The Global Health Club of Saba University School of Medicine (SUSOM) held a well-attended sixth Global Health Seminar, Wednesday evening on campus. The seminar is an opportunity for medical students to share their public health-related volunteering or work experience.
The venue was an opportunity for Body, Mind and Spirit Foundation (BMSF) to present the various ways in which medical students can help serve the Saba community by volunteering in public health programmes. Global Health Club has used this collaboration with BMSF and Saba Lions Club to develop and print dengue prevention campaign posters. Global Health Club is also the organiser of today’s Global Food Fair at Princess Juliana Sports field in The Bottom. Featuring free tastings of dishes from around the world the fair also promotes healthy homemade recipes, even handing out cooking instructions.
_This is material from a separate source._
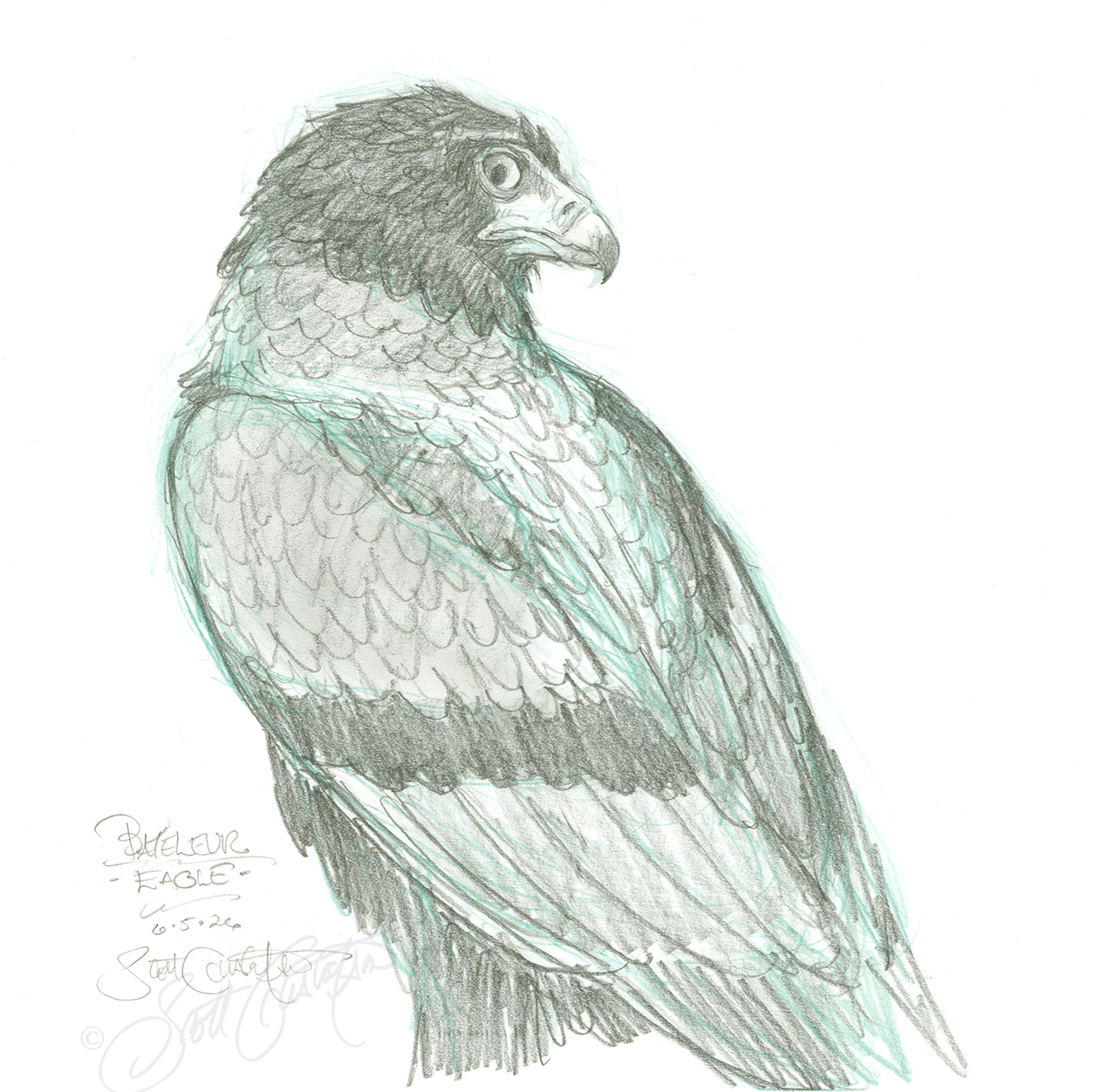 GUSTAFSON_Bateleur_eagle_4_final.png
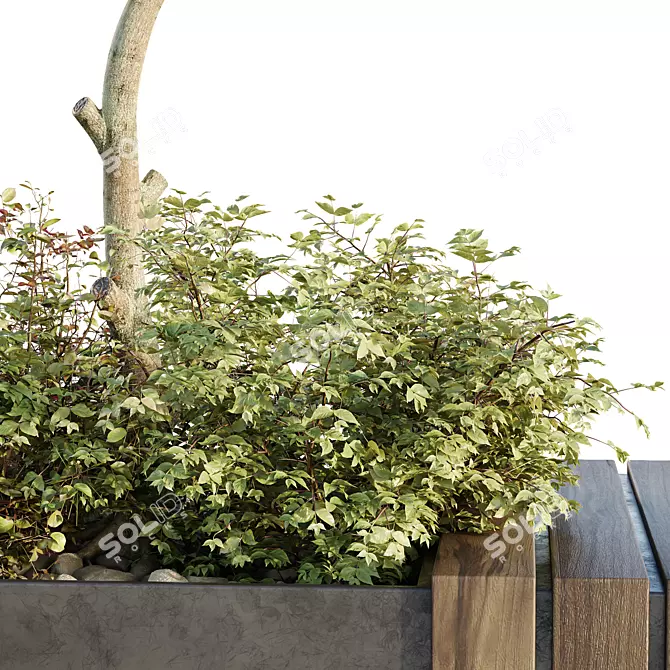 Urban Green Plant Bench Set 3D model image 4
At the seminar, two medical students gave presentations about their experience volunteering with the Canadian Global Brigades serving rural communities in Honduras and Panama, where people survive on less than US $2 a day. They described how they brought basic medicines from the US in their luggage and helped in setting up water systems. Tatiana Capifali spoke of her volunteering in a leprosy colony in Dayapuram, India. The Leprosy Mission Hospital engages surrounding communities and combats stigma through education conducted by cured victims. Liesha Mayo-Bruinsma was a volunteer at an orphanage run by Nepal Children’s Organisation. She later participated in a fundraiser spearheaded by Global Family Village Charity. Instead of a fundraising walkathon they led a trekking team up to the Mount Everest Base Camp. Aman Haji highlighted the need to place indigenous cultures at the centre of public health efforts in developing countries.
BMSF’s manager encouraged new medical students to join their programmes such as the Responsible Students Peer Education Curriculum and Training Respect programme, which was started in 2006.